# Jewel Cichlid Tank Mates



## lilamishboy (Aug 12, 2013)

Hello, I recently decided to get into fish, as a hobby, (specifically cichlids) and after much deliberation I decided to go with a Jewel Cichlid (not sure which one scientifically). I only bought one, and he is housed in a 30 gallon tank with loads of plants and rocks and driftwood as decor. I have had him now for about 3 months and I am really enjoying the hobby, however, I would now like to get maybe one or two more fish to add to the tank, in order to add some more action and color to the tank. I would rather the fish I add ate the same food as the Jewel, so I don't have to worry about different foods or anything specific to an additional fish. Also, from all the research I have done, I gather that jewels are highly aggressive and cannot generally be kept with other fish. Is there really truth to that? Or is there some cichlid out there (relatively easy to find) that I could add to the tank in order to spice things up a bit? There are plenty places to hide and seems to me that there is adequate room for at least 2 territories.

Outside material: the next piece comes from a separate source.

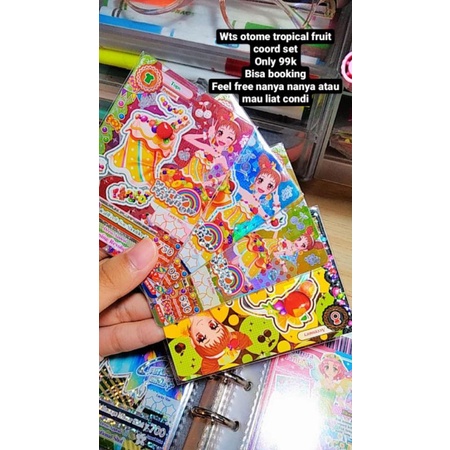 booked Aikatsu card otome tropical fruit coord set original murah|kartu aikatsu|aikatsu premium|aika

Any information would be greatly appreciated!


----------



## brinkles (Jan 30, 2011)

I've never kept them, so take this with a grain of salt, but a pair of spawning jewels has a reputation for killing their tankmates, and individual fish are supposed to be fairly well behaved. They color up amazingly when they're spawning, and you get to see all the cool behavior, so I'd personally keep a pair of them.


----------



## lilamishboy (Aug 12, 2013)

Okay, so if I were to get a female jewel and put her in the tank with the already estabolised male, he will "hopefully" not attack her?


----------



## Iggy Newcastle (May 15, 2012)

If you get a female, pull out the male and completely redo the aquascape. Then add both fish at once. Rearranging the decor will eliminate all of the males 'home turf.' They could attack one another as well.


----------